İki Romeo-Jüliet dilimi arasına yerleştirilmiş olgun ve zengin malzemeli konçertodan oluşan bir sandviç düşünün. Romeo-Jüliet'lerden üstteki dilim daha ince, alttaki daha tok. Bu nasıl benzetme diye sorarsanız, BSO'nun “Koşulsuz Sevgi” başlıklı konserine bir yakıştırma. Önce P. I. Çaykovski'nin
Romeo-Jüliet'i, arada W. A. Mozart'ın 24 No'lu sonuncu piyano konçertosu ve altta da S. Prokofyef'in Romeo-Jüliet bale süiti. Sheakespeare'in bu tüm zamanların en bilinen hüzünlü aşk öyküsü temel alınarak iki Rus besteci tarafından ayrı tarzlarda yazılmış eserler aynı konserde seslendirilince başlığını “Koşulsuz Sevgi” koymuşlar.
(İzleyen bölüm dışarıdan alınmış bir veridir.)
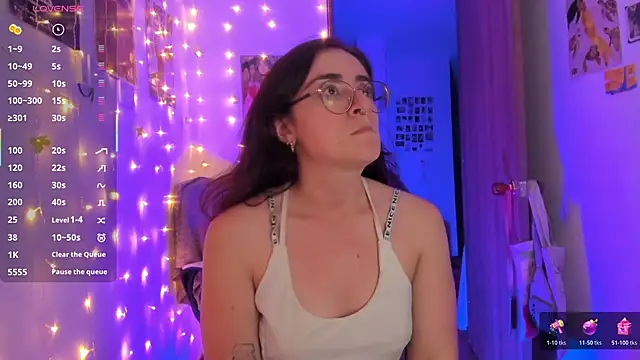 Snapshot of linda_giggle chatting on December 5, 2025, 12:32 am linda giggle online show from December 5, 2025, 12:32 am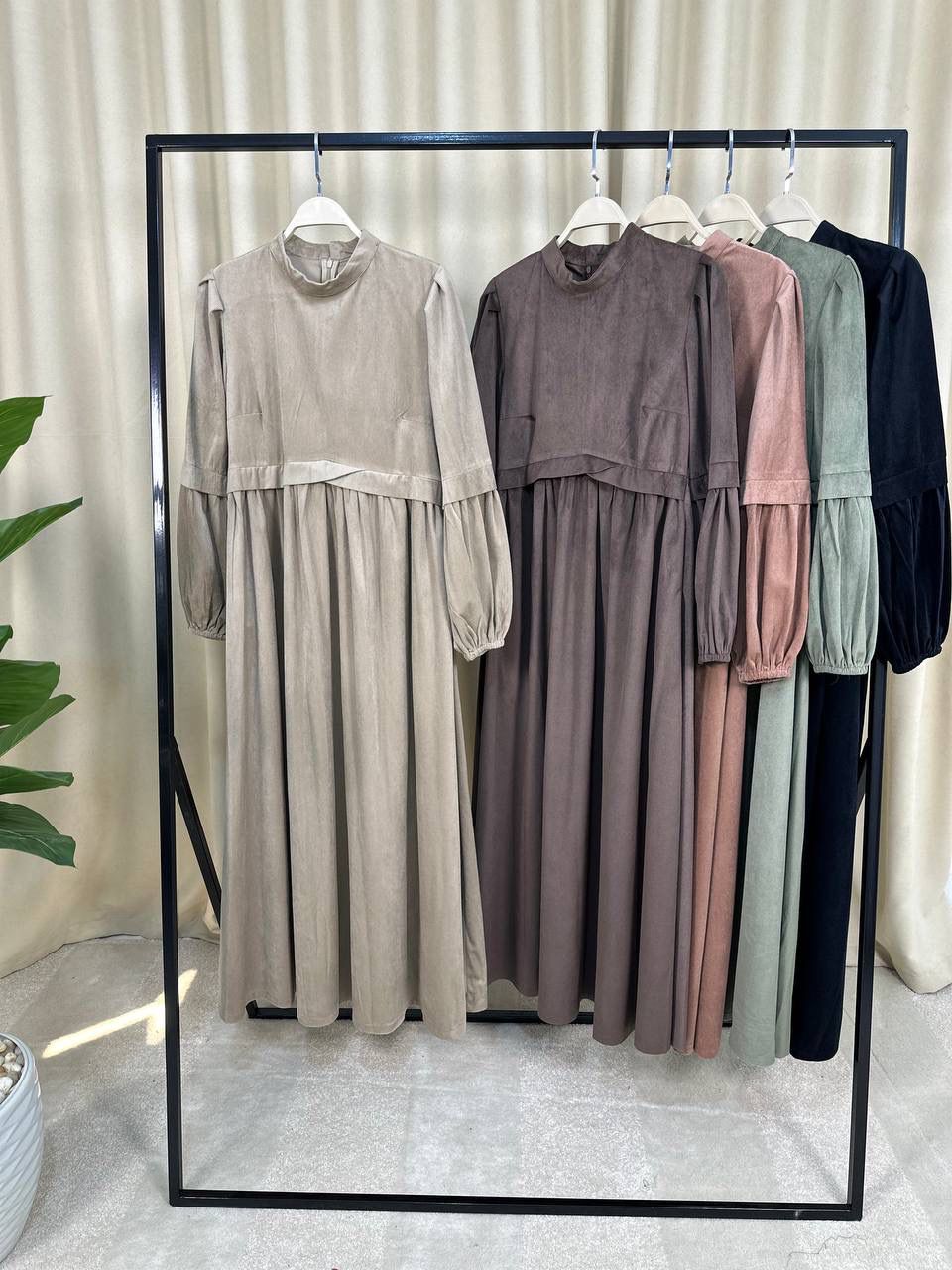 Ruya Velvet Dress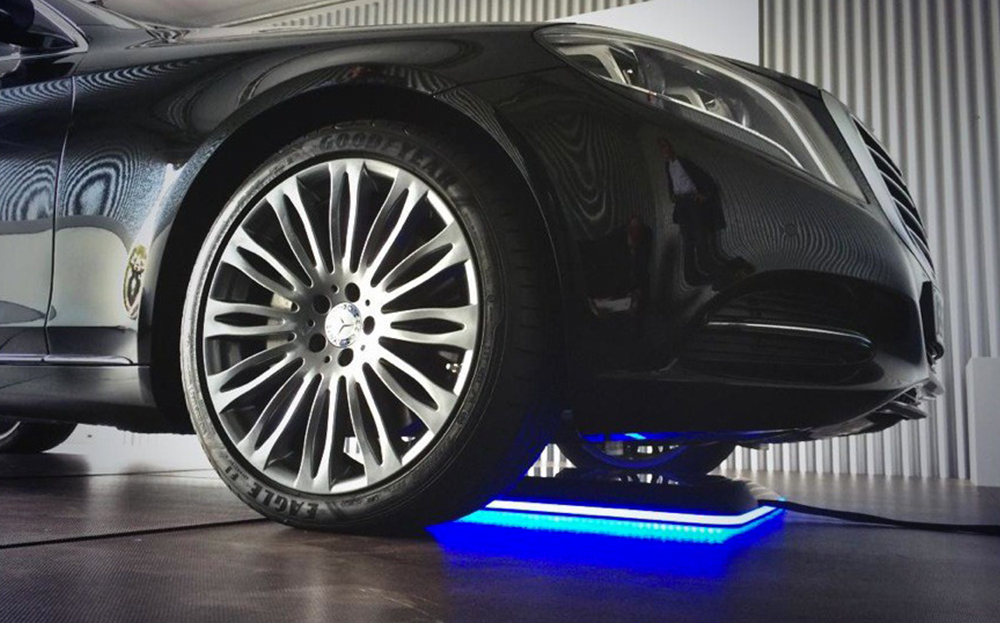 Mercedes S 500 plug-in hybrid wireless charging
Aslında bu öykü, sevgi ötesi bir aşkı içerir.
BSO'yu 23 Kasım 2019 akşamı, Fransız şef Adrien Perruchon (d. 1983) yönetiyordu. Başkemancı bu sezon sıkça gelen Yevgeniy Kostrytskyy idi.
Önce şu aşk hikayesinin iki ayrı bestesine değinelim. Çaykovski'nin müthiş derinlikli ve öykünün ruhunu damardan aktaran eseri mükemmel seslendirildi. Şef Perruchon eseri bellekten yönetti.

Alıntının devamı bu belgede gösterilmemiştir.